Official Statements

In my post about “Hamlet’s Father”, I said I didn’t expect Marvin Kaye or Tor Books to disavow or apologize for publishing it in The Ghost Quartet. I was half wrong! Kaye posted this comment:

For the record, when I put together “The Ghost Quartet” for Tor Books, Scott Card was not my choice to be one of the four contributors. Not because I do not respect his work; in the past I have bought an original dragon novella from him, and reprinted his horror classic, “Eumenides in the Fourth Floor Lavatory.” However, Tor insisted that Scott be one of the contributors to “The Ghost Quartet.” When approached, he tried to beg off because he was under such deadline pressure that he warned it would take him a very long time to write something new for the book.

However, Tor Books insisted that he MUST be one of the quartet. Tor made it clear they would not publish “The Ghost Quartet” unless Scott was part of the mix. As a result, he was over a year late delivering his manuscript, by which time one of the other authors was very angry at me.

So that is something like a disavowal, sort of. Meanwhile, Tor sent me this statement:

Orson Scott Card is a very successful author for Tor. We do not attempt to censor the political or religious beliefs of any of our authors, and make our acquisition decisions based on commercial potential.
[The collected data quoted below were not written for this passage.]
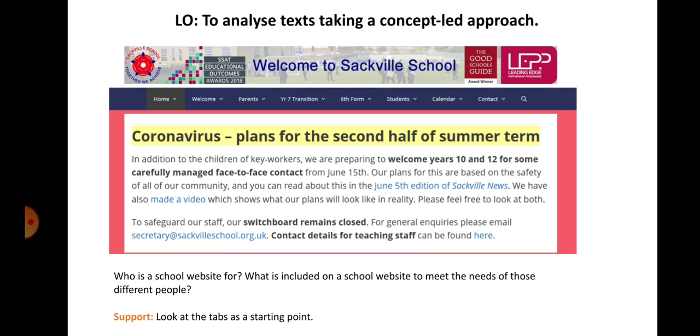Who is the audience for a school website? Obviously, different parts have a different audience, of course. Spend five to ten minutes doing that, and then five seconds on the video.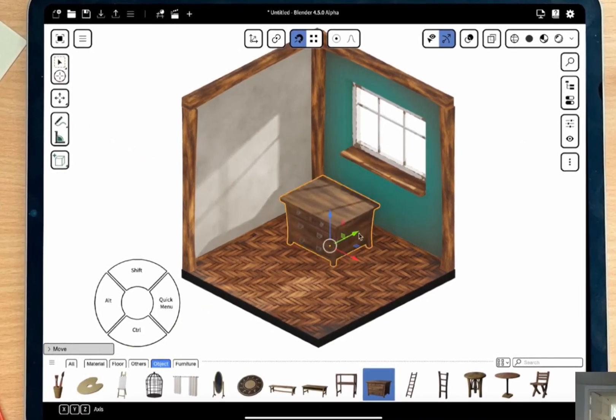Hey YouTube, Sivan Draws here, and today I have some really good news, one that I've been waiting for for a long time, which is that Blender is finally coming to the iPad.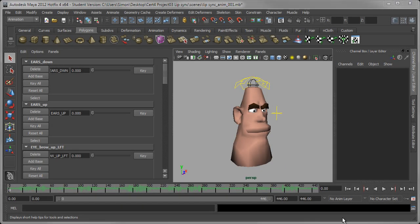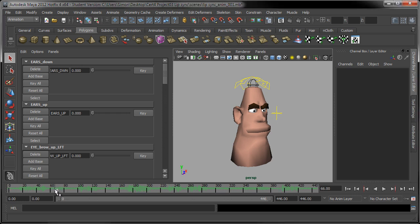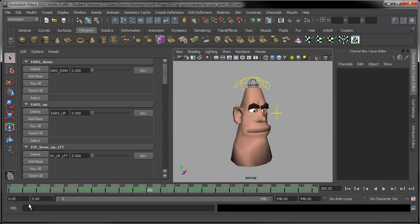Welcome back. We're going to jump straight in and start animating now. There's one little thing we need to take a quick look at, connected to how the audio plays back in Maya. We know that if we scrub through the timeline we're going to hear that audio, but the problem is that depending on the playback speed settings, you may or may not hear audio if you press the play button.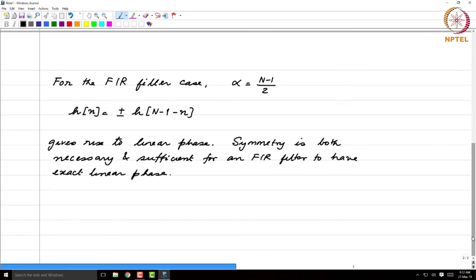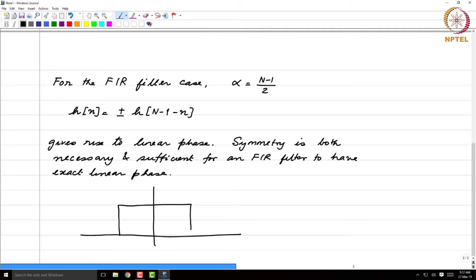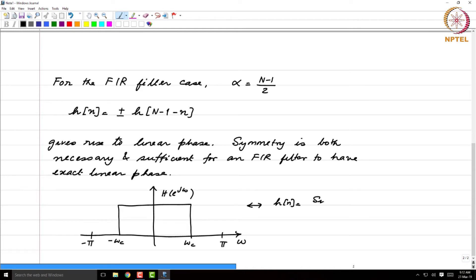What about the IIR case? Symmetry is both necessary and sufficient for an FIR filter to have exact linear phase — but what about the IIR case? Let us get a feel for that. Let us consider the ideal low-pass filter from -π to π, with cutoff frequencies -ωc and +ωc. This is H(e^jω), the frequency response of an ideal low-pass filter. We know that the corresponding impulse response is sin(ωc·n) / (π·n).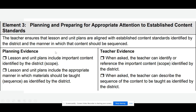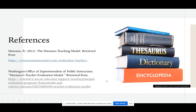Finally, the teacher can ensure that lessons and unit plans are aligned with content standards. These content standards are identified by the district, and the teacher can describe the sequence of content taught. That concludes our presentation for today. If you would like more information about the Marzano teaching model, I recommend the Marzano Center, as well as the Washington Office of Superintendent of Public Instruction.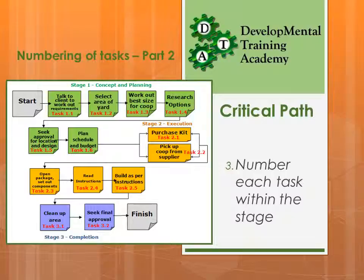The second part of numbering tasks is allocating numbers to each individual task. The first task — talk to our client and work out the requirements — is task 1.1: stage 1, task 1 within stage 1. The second, select the area of the yard, is task 1.2. Work out the best size for the coop is task 1.3, and so on. Moving into the yellow section, it becomes stage 2, task 1; stage 2, task 2; stage 2, task 3, and so on throughout.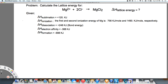What is the lattice energy for MgCl₂? This step shows the lattice energy. We're given sublimation, ionization, dissociation, electron affinity, and the overall reaction, which is delta H formation.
Finally, Card himself has posted on his website calling the PW review “dishonest” and responding to other “false statements”:

[T]here is no link whatsoever between homosexuality and pedophilia in this book. Hamlet’s father, in the book, is a pedophile, period. I don’t show him being even slightly attracted to adults of either sex. It is the reviewer, not me, who has asserted this link, which I would not and did not make. [...]
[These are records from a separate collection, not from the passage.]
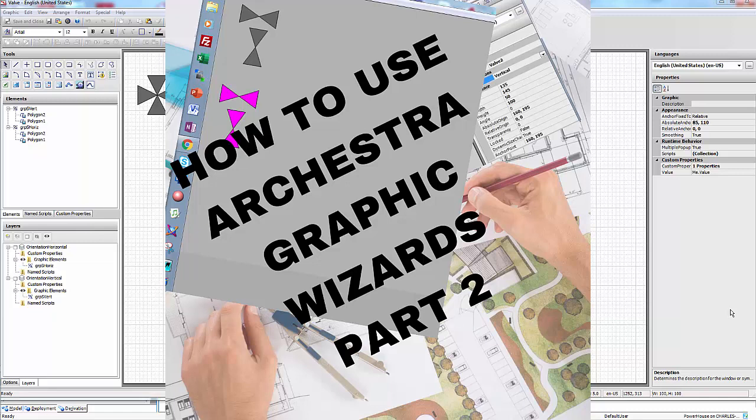In this video we're going to pick up where we left off. The last tutorial we did was how to use Archestra wizards. Then we did a simple valve that we could position either horizontally or vertically.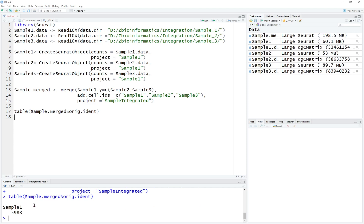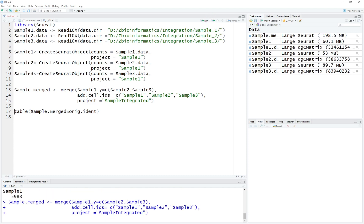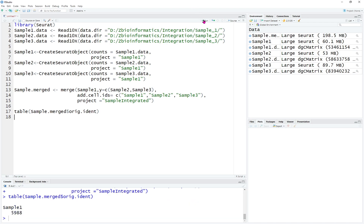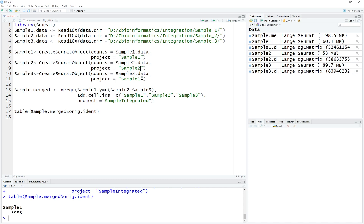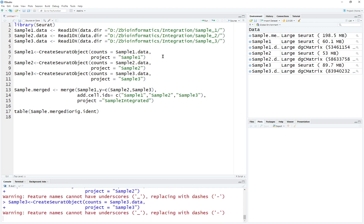After running this, you're going to see the sample merged table. We haven't run this command yet — after running it, we'll see the merged original identity showing sample 1, 2, and 3. There's one typo — we should name the project as sample 1, 2, and 3 for each respective object. Otherwise, everything will be named as sample 1. We're going to rerun those three lines of code.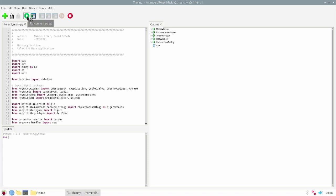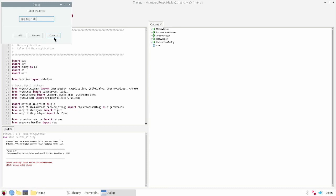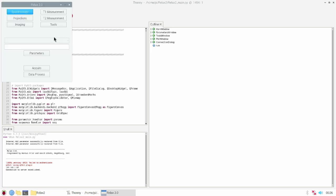Here I execute the script to start the graphical user interface. This popup dialog needs the IP address from the Raspberry Pi. When I have the right IP address I can connect and the main window will open.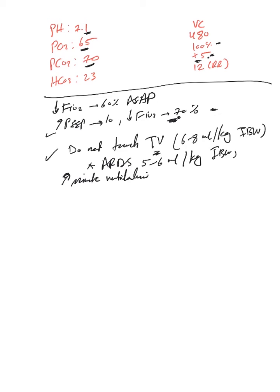So the second change I will do - I'll increase from 12, I'll go probably to 18 or 20, and then repeat ABG after that.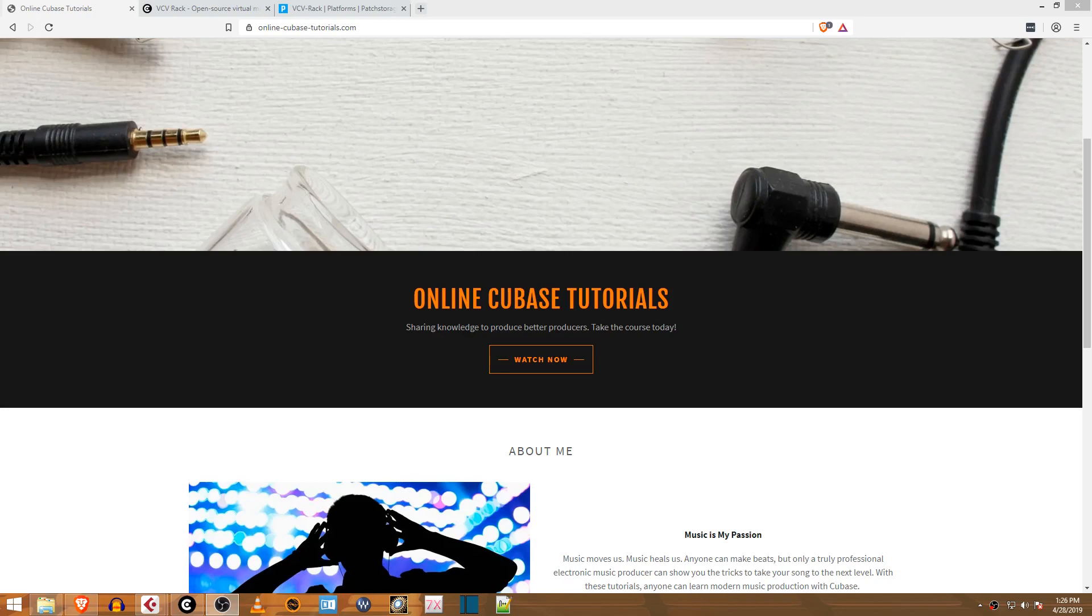What's up fellow Cubase users, this is Jeff with Online Cubase Tutorials. Today I'm going to give you a quick rundown on how to use VCV Rack inside of Cubase.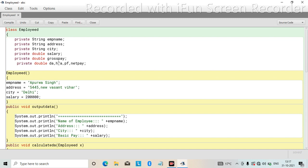Whatever variables we have declared, we are passing them as parameters. Then we create another method called output data, in which whatever output we have to show, we link it in a message. As you know, system.out.println is used to print a message.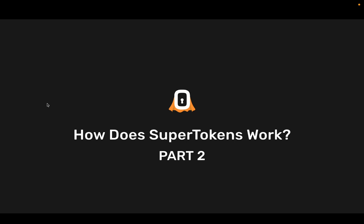In the previous video we spoke about the three components for SuperTokens: the front-end SDK, the back-end SDK, and the SuperTokens core. In this video we will go through a sign-in flow across all of these three components.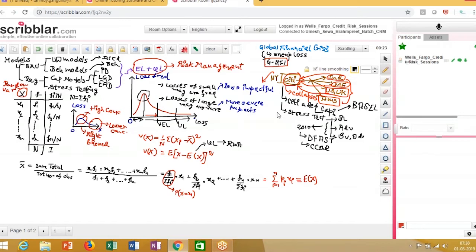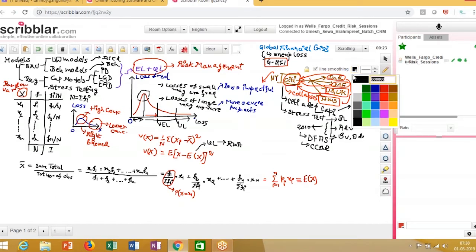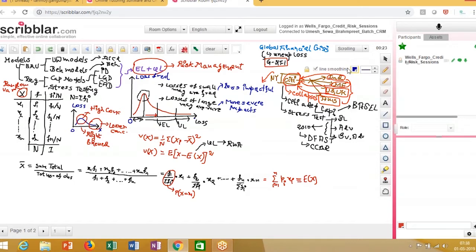The first point we start our discussion with today is Basel. Basel is huge — there are many papers and topics. We won't go into every nitty-gritty; instead, we'll look at the overall framework of Basel first, and from there explore the different models — PD, LGD, EAD — what these models are and what they're about, and what ultimately the objective is.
[S]ince I have become a target of vilification by the hate groups of the Left, I am increasingly reluctant to have any gay characters in my fiction, because I know that no matter how I depict them, I will be accused of homophobia. The result is that my work is distorted by not having gay characters where I would normally have had them — for which I will also, no doubt, be accused of homophobia. [...]

I’m as proud of the story as ever, and I hope readers will experience the story as it was intended to be read.

I conclude with a link to the response from Subterranean Press again, just to have all the official statements in one place.

James Nicoll quotes “a source” with access to Bookscan numbers as saying that The Ghost Quartet sold around 100 copies. I guess that commercial potential wasn’t as thoroughly fulfilled as anyone involved with the project might have liked.

12 thoughts on “Official Statements

  1. Adam Lipkin

    There’s something inherently amusing about a member of a hate group (and Focus on the Family is overtly one) accusing his critics of being “hate group” members.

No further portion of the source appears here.